Question

Geometric and Arithmetic Progressions?

The `1st, 2nd and 3rd` terms of a geometric progression are the `1st, 9th, and 21st` terms respectively of an arithmetic progression. The `1st` term of each progression is `8` and the common ratio of the geometric progression is `r`, where `r != 1`. Find
(i) the value of r,
(ii) the `4th` term of each progression.

Answer 1

`(i) : r=3/2, (ii) :" the "4^(th)" term of GP is "27" and that of AP is "25/2`.

Explanation:

The `1^(st)` term of the GP is `8`, and the common

ratio is `r!=1`.

Hence, the `2^(nd)` and the `3^(rd)` terms of the GP must be

`8r` and `8r^2`.

Now, it is given that these are `9^(th) and 21^(st)` terms of an AP, of

which, `1^(st)` term is `8`.

So, if `d` is the common difference of the AP, then, we have

`8r=8+(9-1)d, i.e., 8r=8+8d, or, r=1+d...(ast^1)`,

`8r^2=8+20d, or, 2r^2=2+5d...................(ast^2)`.
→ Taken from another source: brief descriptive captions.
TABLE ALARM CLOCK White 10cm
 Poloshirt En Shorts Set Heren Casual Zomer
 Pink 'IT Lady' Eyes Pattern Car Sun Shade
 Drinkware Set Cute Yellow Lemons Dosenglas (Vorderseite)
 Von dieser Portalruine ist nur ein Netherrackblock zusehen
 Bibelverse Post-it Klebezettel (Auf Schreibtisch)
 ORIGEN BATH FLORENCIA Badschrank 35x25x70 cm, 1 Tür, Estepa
`"By "(ast^1)" then, "2r^2=2+5(r-1)=5r-3`.

`rArr 2r^2-5r+3=0`.

`rArr (r-1)(2r-3)=0`.

`:. r=1`, which contradicts the given that `r!=1, or, r=3/2`.

Therefore, the `4^(th)` of the GP is `ar^3=8*(3/2)^3=27`, and, that of the AP is `8+(4-1)d=8+(4-1)(3/2)=25/2`.